## DATA FOR THIS EXERCISE
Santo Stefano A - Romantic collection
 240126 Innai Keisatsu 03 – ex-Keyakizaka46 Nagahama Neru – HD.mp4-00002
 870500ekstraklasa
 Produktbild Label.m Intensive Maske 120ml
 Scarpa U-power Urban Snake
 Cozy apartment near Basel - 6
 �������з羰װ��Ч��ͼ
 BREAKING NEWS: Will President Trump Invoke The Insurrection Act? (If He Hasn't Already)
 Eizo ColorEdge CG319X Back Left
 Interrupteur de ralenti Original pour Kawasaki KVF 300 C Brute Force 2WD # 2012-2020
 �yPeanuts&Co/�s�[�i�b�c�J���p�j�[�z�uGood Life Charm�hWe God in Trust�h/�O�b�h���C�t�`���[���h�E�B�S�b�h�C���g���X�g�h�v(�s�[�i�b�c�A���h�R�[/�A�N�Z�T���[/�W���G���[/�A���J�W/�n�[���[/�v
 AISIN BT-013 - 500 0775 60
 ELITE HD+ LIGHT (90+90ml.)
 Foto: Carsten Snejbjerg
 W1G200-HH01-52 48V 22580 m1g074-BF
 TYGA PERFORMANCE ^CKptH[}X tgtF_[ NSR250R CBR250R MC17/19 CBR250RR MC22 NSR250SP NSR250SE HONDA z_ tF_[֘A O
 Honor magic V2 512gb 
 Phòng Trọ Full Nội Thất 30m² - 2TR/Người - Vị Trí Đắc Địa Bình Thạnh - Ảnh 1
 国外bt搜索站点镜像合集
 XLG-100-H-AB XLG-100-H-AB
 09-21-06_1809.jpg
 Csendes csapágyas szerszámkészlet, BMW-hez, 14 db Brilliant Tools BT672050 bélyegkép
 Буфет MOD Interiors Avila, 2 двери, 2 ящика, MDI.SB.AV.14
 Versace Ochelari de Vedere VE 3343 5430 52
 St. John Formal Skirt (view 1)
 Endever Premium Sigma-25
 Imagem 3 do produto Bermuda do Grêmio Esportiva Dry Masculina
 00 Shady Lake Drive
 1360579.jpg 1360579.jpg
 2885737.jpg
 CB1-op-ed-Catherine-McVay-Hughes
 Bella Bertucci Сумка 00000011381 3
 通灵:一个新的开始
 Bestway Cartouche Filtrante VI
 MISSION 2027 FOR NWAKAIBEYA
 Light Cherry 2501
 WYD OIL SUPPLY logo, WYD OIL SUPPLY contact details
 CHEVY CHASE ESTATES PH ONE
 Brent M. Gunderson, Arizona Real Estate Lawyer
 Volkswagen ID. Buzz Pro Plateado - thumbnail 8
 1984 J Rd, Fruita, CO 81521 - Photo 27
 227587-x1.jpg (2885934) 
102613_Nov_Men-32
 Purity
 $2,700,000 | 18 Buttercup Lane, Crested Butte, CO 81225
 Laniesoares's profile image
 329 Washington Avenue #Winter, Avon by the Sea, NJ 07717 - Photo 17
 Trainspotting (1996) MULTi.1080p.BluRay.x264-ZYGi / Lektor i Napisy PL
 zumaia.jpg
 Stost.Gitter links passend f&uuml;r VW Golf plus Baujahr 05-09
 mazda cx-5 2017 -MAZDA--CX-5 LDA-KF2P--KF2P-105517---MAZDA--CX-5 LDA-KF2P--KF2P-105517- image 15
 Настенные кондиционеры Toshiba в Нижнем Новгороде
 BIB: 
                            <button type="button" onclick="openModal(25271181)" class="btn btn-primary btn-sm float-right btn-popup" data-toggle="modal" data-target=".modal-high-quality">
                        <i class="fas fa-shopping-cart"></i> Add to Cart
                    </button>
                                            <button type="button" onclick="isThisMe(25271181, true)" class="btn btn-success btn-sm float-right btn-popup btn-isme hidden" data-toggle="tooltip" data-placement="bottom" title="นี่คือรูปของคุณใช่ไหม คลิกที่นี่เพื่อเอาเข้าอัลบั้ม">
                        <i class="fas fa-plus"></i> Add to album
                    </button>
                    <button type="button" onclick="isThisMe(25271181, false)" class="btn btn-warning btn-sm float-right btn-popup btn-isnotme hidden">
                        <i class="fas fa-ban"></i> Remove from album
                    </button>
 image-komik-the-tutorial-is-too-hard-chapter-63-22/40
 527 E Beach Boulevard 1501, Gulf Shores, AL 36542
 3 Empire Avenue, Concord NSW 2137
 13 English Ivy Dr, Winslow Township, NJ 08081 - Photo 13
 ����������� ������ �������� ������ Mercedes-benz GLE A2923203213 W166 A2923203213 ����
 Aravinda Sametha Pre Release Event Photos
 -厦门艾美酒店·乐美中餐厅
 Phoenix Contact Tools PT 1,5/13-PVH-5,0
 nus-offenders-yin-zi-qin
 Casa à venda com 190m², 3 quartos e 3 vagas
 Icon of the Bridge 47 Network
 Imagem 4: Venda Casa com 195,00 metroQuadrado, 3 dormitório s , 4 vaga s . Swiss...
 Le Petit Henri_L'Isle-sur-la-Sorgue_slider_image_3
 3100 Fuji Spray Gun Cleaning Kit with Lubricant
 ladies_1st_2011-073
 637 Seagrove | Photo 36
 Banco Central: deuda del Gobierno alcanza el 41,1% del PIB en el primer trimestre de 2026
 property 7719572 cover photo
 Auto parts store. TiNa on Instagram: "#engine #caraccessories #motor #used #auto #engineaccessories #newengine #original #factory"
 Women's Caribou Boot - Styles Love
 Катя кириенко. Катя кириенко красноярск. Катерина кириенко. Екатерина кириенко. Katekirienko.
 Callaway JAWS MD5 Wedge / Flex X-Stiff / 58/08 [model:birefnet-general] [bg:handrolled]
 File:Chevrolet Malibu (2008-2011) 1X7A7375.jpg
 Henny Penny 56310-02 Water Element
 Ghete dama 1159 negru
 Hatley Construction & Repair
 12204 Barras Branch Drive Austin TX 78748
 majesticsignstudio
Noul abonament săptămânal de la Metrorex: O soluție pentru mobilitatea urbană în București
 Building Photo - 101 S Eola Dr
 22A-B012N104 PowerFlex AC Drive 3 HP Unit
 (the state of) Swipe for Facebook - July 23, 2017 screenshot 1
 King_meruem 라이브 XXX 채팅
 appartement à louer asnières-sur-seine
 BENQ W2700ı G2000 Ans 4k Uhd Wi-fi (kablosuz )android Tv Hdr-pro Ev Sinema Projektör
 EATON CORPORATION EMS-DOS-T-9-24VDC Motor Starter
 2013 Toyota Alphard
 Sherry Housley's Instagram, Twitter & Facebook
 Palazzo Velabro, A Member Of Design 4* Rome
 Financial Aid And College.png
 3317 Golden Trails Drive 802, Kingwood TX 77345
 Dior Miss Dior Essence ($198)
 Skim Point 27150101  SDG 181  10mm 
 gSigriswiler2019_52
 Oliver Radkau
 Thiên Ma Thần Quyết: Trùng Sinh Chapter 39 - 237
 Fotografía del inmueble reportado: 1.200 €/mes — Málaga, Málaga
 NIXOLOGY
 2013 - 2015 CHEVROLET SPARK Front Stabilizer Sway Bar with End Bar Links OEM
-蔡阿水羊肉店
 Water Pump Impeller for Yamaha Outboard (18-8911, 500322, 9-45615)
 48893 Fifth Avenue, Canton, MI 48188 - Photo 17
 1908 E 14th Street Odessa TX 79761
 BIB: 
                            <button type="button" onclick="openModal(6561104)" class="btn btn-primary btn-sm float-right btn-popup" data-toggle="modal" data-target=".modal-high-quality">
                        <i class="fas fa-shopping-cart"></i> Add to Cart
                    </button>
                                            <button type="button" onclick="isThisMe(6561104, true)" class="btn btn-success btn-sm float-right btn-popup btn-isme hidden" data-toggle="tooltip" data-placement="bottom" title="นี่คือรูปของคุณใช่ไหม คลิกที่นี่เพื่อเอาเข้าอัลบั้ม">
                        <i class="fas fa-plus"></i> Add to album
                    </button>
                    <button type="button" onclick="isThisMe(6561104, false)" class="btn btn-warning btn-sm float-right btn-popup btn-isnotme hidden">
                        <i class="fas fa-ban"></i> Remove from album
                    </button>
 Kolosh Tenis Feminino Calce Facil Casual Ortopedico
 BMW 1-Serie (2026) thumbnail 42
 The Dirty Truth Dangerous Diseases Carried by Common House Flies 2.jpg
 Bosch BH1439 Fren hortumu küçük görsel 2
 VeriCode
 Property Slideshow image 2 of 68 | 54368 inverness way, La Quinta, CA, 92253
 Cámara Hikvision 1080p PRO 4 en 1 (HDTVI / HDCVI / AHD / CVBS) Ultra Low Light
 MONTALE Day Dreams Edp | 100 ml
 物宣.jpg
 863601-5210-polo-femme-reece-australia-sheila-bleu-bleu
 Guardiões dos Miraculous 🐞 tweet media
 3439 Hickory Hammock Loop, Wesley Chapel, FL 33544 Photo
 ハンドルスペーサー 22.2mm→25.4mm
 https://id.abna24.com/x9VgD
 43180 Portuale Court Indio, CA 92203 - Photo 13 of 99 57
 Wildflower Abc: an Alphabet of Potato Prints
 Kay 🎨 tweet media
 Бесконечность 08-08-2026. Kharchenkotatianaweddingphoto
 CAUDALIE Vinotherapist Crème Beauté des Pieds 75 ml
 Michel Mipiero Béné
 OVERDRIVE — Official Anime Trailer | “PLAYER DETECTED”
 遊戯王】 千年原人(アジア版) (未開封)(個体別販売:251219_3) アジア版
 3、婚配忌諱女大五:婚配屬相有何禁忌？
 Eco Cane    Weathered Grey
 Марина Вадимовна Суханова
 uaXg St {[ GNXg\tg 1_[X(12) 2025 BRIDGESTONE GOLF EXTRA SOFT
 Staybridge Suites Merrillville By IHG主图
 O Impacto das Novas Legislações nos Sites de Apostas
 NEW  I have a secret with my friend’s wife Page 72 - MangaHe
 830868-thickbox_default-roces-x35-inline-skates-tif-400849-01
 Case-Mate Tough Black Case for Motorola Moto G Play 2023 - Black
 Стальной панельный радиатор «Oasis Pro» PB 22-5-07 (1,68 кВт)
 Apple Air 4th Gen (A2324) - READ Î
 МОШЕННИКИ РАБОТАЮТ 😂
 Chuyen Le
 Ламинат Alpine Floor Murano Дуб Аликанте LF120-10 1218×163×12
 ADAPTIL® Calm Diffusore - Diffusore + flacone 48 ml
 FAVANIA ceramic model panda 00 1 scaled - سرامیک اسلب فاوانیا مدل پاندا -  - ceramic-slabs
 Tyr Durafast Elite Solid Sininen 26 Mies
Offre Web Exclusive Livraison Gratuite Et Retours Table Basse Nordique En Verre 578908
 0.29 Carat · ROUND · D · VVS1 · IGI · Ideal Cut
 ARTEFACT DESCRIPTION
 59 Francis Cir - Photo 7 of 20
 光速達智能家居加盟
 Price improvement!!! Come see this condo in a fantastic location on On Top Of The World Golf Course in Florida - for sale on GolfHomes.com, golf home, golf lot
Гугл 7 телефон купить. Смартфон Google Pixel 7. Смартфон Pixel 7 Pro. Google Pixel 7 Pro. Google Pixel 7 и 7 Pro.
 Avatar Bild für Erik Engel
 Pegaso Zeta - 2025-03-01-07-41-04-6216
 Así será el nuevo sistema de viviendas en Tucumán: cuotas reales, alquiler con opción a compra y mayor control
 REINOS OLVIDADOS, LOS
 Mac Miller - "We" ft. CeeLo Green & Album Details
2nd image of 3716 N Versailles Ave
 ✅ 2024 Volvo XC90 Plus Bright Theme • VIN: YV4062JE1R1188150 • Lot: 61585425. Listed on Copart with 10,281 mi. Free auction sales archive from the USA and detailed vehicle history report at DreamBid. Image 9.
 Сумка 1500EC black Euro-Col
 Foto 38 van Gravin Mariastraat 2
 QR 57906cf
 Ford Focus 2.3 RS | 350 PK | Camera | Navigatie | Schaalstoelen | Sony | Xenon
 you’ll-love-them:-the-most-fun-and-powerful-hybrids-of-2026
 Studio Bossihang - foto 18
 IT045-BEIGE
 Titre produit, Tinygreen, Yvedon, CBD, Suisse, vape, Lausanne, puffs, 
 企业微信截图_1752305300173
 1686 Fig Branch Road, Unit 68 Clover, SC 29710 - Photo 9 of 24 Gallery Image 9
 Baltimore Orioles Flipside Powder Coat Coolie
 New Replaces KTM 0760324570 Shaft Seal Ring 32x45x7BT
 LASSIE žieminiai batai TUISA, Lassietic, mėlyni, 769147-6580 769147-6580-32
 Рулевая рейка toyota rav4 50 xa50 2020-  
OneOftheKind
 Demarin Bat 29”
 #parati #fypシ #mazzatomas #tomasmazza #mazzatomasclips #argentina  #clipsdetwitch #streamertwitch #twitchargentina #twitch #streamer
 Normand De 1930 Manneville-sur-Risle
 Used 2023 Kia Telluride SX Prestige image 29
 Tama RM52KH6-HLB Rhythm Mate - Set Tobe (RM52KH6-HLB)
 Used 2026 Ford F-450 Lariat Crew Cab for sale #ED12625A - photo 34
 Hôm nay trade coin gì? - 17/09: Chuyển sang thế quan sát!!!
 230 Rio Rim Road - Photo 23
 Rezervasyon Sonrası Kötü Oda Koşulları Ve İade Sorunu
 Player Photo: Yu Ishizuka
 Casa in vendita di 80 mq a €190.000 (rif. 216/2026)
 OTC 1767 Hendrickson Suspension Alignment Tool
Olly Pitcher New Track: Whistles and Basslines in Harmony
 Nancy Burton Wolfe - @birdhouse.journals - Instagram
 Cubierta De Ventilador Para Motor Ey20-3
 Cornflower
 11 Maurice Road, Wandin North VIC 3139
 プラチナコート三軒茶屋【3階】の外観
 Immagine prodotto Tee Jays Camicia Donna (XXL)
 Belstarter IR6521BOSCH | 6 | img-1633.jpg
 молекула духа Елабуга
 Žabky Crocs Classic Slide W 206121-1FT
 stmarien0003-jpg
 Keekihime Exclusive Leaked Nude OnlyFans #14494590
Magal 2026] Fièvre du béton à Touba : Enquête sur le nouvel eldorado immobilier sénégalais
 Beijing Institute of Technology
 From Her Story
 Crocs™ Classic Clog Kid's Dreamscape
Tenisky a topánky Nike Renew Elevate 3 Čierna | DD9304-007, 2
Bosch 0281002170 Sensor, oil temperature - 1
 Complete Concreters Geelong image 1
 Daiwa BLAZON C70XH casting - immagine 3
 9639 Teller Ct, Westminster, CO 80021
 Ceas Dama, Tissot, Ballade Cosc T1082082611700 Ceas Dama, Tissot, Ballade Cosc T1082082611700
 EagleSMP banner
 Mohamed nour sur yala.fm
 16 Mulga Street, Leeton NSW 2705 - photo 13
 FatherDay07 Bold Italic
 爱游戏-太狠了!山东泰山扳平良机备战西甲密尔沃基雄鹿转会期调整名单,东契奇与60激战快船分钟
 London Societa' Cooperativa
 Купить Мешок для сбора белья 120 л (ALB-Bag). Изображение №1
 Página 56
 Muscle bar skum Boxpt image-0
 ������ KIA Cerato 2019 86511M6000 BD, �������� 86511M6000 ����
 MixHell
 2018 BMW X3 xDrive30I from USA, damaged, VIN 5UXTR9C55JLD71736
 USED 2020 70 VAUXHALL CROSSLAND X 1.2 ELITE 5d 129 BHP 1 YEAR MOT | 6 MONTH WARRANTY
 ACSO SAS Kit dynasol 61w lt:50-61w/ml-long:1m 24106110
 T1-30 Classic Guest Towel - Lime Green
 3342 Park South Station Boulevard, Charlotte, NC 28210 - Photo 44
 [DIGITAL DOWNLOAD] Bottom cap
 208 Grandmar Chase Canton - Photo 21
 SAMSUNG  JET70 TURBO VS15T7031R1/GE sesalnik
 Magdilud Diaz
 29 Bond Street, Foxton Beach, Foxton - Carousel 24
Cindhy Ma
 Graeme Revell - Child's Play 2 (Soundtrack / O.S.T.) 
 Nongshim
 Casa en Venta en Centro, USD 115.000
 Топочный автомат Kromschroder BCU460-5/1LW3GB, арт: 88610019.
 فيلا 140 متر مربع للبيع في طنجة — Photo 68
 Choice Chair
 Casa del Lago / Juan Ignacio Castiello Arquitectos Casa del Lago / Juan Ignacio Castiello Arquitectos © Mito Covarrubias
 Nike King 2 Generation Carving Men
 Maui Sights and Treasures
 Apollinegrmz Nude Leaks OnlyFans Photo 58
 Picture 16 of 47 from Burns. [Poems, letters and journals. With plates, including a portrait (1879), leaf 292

## WHAT IS NEEDED
Show every line in the listing above that carries the word "journals".

## FINAL ANSWER
 Nancy Burton Wolfe - @birdhouse.journals - Instagram
 Picture 16 of 47 from Burns. [Poems, letters and journals. With plates, including a portrait (1879), leaf 292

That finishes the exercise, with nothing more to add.